Exercise aim » Return the data exactly, without pictures.

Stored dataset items
==================================================

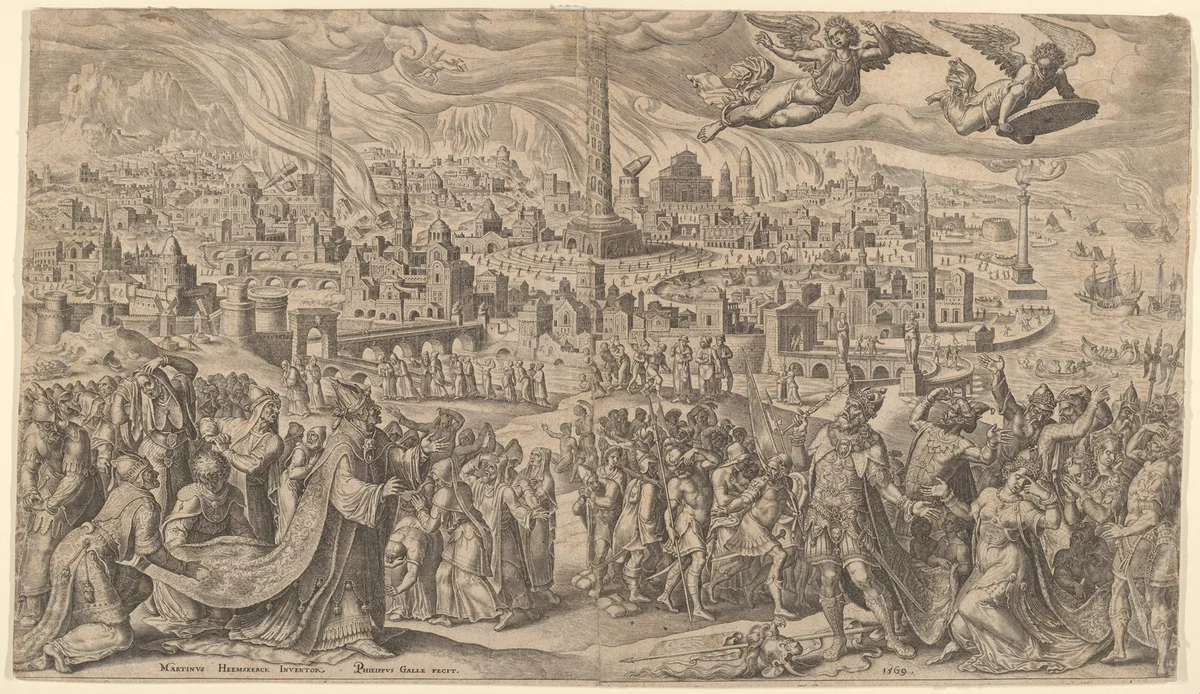 The Fall of Babylon by Philips Galle, print, 1569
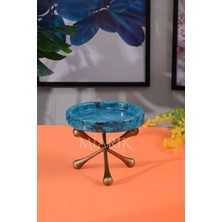 Miarik Design Bronz Pirinc Yildiz Ayakli Rekli Mermer Lokumluk, Sunumluk, Servis Tabagi
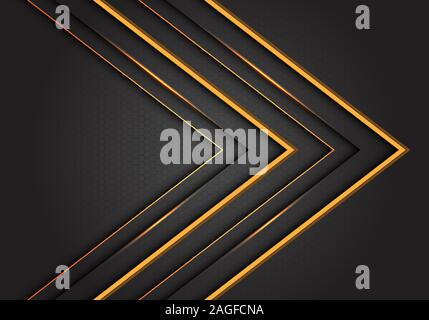 Abstract yellow line arrow direction on grey design modern luxury futuristic background vector illustration. Stock Vector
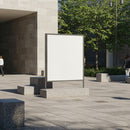 Empty advertising board in modern urban plaza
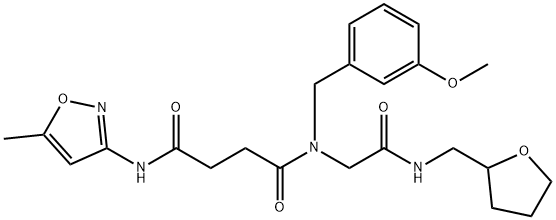 Butanediamide, N-[(3-methoxyphenyl)methyl]-N-(5-methyl-3-isoxazolyl)-N-[2-oxo-2-[[(tetrahydro-2-furanyl)methyl]amino]ethyl]- (9CI) 结构式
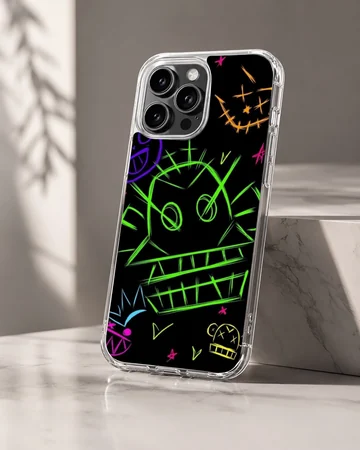 Neon graffiti art featuring bold, colorful illustrations on a phone case. — Hero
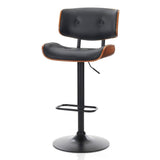 SERENITà European Wooden Black Modern Bar Stools Swivel Bar Stool Chair Counter Height Bar(Black)stool with 360 Degree Swivel Seat - Top-Down View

==================================================

Answer space »
 The Fall of Babylon by Philips Galle, print, 1569
 Miarik Design Bronz Pirinc Yildiz Ayakli Rekli Mermer Lokumluk, Sunumluk, Servis Tabagi
 Abstract yellow line arrow direction on grey design modern luxury futuristic background vector illustration. Stock Vector
 Empty advertising board in modern urban plaza
 Butanediamide, N-[(3-methoxyphenyl)methyl]-N-(5-methyl-3-isoxazolyl)-N-[2-oxo-2-[[(tetrahydro-2-furanyl)methyl]amino]ethyl]- (9CI) 结构式
 Neon graffiti art featuring bold, colorful illustrations on a phone case. — Hero
 SERENITà European Wooden Black Modern Bar Stools Swivel Bar Stool Chair Counter Height Bar(Black)stool with 360 Degree Swivel Seat - Top-Down View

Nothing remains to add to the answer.